Is Help to Buy Causing a Housing Bubble?

Written by Sam Jones on 05 May 2014.

We are pleased to see the latest data on Help to Buy proving positive for the housing market and showing aspects of the scheme are working. Help to Buy is the Government mortgage support programme.

Its primary aim is to aid people in buying their first homes and raising the right deposits.

The scheme is split into two parts.

The Scheme - Part 1

Firstly, Help to Buy 1 is available on new-build homes only and will offer borrowers a 20 per cent interest-free Government loan for five years.

The loan is accompanied by a 75 per cent bank loan, bringing the total deposit required to just 5 per cent.

The scheme began in April last year and has flown off the shelves with massive take-up from desperate first-time buyers.

It has been so successful that in the last year 74 people a day have accessed Treasury loans to get a mortgage.

The new figures  from the Department for Communities and Local Government show 2,929 borrowers bought homes through Help to Buy 1 in March.

In total 19,394 borrowers have benefitted from this type of support.

Indeed it has been so successful that the Government has extended the scheme’s end date from 2016 to the end of the decade, 2020.

This has caused some alarm among sceptics who believe it is very difficult to stop Government schemes once they have started.

Fannie Mae and Freddie Mac were only meant to be temporary interventions in the US housing market in the 1930s but dominated the sector for the next 80 years.

Their role in the financial crisis was pivotal and many experts see a similar role with Help to Buy. For example, income tax was a only ever intended as a short-term tax to fund the Napoleonic wars but is now takes up nearly half of many people’s salaries.

The Scheme- Part 2

Many of the concerns around Help to Buy revolve around the second part of the scheme and we share the concern over possible future problems.

Help to Buy 2 allows anyone to buy any home worth up to £600,000 with a 5 per cent deposit, the only exceptions are foreign buyers and those looking to buy second homes.

It works by the Treasury backing up to 15 per cent of the loan. So the bank will offer a 95 per cent deal but the Treasury will insure up to 15 per cent.

This allows banks to carry less risk and lend on lower deposits helping more on to the housing ladder.

Economists have slammed the scheme for tipping the housing market into bubble territory when it is already performing strongly.
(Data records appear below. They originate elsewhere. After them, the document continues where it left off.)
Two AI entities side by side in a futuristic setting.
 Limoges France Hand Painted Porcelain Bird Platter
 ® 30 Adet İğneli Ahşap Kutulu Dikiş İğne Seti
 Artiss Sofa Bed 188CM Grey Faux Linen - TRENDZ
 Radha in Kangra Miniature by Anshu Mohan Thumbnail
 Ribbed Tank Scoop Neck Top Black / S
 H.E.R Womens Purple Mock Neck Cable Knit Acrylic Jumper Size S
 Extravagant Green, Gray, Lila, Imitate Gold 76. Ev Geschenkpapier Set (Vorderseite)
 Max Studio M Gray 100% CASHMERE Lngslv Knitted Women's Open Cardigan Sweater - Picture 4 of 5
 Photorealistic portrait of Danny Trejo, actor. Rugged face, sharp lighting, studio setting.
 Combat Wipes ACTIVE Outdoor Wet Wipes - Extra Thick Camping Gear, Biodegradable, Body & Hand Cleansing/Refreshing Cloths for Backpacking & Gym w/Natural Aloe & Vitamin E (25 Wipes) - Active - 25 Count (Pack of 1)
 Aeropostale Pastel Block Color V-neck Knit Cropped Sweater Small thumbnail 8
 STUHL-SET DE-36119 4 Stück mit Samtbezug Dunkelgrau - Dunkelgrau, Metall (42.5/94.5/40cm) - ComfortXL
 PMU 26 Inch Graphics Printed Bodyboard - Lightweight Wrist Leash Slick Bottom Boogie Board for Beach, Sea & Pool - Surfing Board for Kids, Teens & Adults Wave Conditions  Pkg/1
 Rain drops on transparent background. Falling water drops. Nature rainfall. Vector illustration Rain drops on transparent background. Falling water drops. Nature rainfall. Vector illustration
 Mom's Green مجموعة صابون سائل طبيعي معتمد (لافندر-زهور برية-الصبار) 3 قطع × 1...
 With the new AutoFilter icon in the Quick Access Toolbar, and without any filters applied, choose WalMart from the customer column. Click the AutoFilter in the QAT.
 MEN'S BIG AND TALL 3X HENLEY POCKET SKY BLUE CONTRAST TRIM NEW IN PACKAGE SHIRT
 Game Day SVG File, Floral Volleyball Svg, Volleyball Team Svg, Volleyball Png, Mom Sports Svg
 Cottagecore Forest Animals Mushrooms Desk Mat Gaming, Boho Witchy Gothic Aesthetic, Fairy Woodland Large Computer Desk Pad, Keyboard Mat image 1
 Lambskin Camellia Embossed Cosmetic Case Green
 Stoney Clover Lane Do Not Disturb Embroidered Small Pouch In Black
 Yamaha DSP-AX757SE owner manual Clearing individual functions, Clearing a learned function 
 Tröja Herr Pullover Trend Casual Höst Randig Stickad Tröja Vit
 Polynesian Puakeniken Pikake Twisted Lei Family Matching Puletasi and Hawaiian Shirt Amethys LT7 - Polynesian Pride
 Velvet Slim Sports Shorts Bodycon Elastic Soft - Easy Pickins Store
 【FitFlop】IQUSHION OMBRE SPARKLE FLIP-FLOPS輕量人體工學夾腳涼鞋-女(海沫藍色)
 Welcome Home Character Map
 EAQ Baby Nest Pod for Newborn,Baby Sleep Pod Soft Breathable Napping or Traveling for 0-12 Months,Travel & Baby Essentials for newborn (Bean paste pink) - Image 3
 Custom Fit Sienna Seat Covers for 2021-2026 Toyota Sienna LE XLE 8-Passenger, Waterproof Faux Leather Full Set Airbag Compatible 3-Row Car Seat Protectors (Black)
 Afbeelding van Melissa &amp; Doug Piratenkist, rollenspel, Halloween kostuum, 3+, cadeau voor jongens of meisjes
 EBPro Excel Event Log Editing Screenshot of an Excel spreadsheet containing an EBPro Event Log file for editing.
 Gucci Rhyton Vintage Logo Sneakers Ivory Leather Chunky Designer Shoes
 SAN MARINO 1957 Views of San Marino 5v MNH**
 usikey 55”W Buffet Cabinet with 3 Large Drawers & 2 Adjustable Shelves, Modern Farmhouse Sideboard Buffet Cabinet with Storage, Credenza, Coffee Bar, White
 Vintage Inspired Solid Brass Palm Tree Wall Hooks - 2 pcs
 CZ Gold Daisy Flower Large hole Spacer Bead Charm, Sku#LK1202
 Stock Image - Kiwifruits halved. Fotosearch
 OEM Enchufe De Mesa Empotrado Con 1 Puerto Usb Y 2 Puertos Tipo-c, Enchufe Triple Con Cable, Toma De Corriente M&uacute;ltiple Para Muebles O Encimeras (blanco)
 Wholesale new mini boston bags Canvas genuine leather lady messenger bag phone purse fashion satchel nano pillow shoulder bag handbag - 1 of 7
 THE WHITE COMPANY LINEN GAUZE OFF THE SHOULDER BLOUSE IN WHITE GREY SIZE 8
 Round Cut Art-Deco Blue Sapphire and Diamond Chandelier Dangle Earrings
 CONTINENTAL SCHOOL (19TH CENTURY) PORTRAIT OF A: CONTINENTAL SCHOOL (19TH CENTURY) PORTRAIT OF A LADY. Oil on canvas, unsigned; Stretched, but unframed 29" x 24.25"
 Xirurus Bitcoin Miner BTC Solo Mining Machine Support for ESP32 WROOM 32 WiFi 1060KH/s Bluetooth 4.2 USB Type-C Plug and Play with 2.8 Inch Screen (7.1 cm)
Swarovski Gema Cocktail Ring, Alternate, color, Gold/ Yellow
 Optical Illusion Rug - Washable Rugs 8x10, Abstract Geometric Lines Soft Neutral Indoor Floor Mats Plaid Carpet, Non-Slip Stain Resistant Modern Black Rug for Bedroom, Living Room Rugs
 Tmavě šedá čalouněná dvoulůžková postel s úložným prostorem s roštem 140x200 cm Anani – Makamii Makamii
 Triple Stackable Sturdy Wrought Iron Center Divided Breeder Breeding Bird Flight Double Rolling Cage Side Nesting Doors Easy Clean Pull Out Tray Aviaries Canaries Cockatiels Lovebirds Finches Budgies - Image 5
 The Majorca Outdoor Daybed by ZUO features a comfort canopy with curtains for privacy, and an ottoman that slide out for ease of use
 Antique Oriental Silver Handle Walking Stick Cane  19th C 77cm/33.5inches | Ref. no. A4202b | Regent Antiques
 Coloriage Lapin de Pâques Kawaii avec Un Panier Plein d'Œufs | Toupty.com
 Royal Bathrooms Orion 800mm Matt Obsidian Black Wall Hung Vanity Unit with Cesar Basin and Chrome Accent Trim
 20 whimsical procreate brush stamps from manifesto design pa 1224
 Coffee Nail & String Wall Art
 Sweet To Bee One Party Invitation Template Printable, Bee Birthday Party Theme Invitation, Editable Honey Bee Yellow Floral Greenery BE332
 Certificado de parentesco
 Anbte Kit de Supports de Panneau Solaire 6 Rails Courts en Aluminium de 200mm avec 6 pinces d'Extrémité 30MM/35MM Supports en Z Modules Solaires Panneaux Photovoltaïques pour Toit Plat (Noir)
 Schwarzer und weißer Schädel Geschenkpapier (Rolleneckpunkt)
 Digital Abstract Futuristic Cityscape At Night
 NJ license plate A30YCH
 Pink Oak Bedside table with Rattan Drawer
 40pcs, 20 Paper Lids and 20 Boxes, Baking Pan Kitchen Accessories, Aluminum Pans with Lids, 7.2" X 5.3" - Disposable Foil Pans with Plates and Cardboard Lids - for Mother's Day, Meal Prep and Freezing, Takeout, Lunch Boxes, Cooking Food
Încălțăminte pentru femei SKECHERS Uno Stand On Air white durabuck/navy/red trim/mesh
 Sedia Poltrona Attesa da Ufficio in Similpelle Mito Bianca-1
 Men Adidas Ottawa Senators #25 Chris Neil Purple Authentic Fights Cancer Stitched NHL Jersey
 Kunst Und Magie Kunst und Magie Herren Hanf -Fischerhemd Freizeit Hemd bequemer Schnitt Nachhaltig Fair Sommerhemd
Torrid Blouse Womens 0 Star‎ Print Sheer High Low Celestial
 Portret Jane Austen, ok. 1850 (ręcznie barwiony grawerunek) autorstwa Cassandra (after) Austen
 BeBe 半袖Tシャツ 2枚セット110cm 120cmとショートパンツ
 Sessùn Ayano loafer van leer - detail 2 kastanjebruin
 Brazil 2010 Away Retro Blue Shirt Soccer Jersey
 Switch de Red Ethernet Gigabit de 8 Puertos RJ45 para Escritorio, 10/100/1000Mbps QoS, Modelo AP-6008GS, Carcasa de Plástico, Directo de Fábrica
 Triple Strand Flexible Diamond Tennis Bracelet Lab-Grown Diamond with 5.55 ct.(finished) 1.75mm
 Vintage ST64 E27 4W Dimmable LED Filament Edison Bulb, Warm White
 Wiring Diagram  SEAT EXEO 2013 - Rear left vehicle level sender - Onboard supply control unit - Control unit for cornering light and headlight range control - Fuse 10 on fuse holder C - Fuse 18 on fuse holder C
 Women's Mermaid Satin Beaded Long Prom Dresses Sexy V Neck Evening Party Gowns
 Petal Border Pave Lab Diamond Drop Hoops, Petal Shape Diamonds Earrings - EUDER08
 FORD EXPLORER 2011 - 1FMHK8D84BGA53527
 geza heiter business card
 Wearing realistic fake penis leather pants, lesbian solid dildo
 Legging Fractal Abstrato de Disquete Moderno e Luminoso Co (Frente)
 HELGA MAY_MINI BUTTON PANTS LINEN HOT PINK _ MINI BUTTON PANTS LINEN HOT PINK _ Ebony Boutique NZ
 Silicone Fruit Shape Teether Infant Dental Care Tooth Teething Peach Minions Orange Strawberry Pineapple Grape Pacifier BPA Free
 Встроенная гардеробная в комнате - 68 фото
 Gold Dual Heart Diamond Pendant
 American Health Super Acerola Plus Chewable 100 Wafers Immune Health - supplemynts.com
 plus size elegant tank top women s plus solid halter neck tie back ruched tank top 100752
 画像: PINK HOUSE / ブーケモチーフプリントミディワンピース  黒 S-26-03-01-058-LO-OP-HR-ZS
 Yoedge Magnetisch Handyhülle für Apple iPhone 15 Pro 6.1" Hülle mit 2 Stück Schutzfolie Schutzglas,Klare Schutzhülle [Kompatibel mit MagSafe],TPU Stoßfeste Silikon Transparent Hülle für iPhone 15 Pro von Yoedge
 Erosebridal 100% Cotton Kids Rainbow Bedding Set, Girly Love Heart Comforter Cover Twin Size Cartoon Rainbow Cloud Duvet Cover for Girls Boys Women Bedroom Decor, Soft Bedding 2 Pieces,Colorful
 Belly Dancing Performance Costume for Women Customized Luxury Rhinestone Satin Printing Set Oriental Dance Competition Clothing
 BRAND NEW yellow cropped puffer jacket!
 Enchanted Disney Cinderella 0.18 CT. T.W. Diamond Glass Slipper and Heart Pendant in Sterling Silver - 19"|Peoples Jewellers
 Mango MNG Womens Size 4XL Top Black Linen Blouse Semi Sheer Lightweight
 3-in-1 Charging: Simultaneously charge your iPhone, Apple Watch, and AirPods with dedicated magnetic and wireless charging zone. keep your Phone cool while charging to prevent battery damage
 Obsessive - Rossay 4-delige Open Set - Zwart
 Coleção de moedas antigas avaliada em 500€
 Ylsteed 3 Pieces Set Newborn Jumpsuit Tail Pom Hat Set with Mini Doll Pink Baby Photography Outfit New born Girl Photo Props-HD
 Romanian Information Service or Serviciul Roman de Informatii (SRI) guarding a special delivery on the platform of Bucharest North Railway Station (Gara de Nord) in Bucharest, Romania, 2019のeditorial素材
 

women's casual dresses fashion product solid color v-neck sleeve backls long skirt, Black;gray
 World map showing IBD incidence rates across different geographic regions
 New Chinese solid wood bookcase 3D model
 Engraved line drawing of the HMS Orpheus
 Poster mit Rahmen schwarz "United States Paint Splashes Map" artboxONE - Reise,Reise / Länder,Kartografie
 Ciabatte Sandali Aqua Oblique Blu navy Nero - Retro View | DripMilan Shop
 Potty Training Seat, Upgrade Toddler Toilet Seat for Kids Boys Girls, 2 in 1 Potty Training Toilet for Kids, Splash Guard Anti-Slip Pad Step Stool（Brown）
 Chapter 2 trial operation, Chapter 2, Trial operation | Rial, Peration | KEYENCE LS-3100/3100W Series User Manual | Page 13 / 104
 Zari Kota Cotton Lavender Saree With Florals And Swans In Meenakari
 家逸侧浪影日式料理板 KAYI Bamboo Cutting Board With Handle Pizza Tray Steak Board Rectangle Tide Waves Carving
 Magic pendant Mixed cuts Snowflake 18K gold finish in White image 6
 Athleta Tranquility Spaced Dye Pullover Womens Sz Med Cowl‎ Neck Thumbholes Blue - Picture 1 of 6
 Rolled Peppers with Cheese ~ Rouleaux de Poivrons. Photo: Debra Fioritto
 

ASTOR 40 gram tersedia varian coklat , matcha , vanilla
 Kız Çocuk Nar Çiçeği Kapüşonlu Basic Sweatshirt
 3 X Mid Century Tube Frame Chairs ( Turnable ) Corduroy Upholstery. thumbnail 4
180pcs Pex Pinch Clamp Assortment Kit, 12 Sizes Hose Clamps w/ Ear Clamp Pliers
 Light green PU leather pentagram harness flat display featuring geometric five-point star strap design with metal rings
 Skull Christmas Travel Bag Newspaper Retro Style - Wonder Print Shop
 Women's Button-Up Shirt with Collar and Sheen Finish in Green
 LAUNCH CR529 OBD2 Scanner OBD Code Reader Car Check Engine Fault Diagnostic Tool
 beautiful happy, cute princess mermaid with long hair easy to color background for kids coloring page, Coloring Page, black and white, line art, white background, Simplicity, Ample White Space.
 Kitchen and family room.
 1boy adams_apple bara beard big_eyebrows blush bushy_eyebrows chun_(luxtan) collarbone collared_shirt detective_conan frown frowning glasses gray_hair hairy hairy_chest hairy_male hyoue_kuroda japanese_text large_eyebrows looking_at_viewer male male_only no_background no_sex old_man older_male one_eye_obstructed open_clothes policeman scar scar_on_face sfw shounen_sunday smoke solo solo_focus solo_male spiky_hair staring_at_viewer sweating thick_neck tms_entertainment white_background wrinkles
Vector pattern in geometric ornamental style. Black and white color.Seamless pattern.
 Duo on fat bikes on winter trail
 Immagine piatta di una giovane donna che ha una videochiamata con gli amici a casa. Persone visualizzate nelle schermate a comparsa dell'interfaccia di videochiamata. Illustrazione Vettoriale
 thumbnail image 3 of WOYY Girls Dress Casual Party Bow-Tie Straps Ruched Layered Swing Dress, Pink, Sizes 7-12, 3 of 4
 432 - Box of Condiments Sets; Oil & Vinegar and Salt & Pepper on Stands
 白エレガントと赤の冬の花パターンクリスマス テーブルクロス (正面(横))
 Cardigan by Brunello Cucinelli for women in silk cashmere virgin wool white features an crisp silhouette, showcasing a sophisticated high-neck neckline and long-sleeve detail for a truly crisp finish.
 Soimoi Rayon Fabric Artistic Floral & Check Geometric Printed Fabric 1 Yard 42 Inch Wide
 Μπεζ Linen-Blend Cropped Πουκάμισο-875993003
There is now double digit house price growth for the first time in four years as the market is growing faster than at any time since before the crash.

House prices are booming in certain areas of London and the south-east while the economy is growing strongly too.

We were delighted to see strong growth of 0.8 per cent in the first quarter of 2014 showing the recovery is well underway and resilient.

It is a tale of two Help to Buys and while both help borrowers in the short-term we are concerned they are artificially fuelling a bubble.